GIVEN MATERIAL Block Start

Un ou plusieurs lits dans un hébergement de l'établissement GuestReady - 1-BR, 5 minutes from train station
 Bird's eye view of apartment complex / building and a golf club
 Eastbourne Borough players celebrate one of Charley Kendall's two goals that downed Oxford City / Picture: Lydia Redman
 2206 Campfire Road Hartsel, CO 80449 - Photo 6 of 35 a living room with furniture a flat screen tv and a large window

GIVEN MATERIAL Block End

WHAT THE EXERCISE ASKS
Give the data again, exactly as it appears above.

RESULT OF THIS TASK
Un ou plusieurs lits dans un hébergement de l'établissement GuestReady - 1-BR, 5 minutes from train station
 Bird's eye view of apartment complex / building and a golf club
 Eastbourne Borough players celebrate one of Charley Kendall's two goals that downed Oxford City / Picture: Lydia Redman
 2206 Campfire Road Hartsel, CO 80449 - Photo 6 of 35 a living room with furniture a flat screen tv and a large window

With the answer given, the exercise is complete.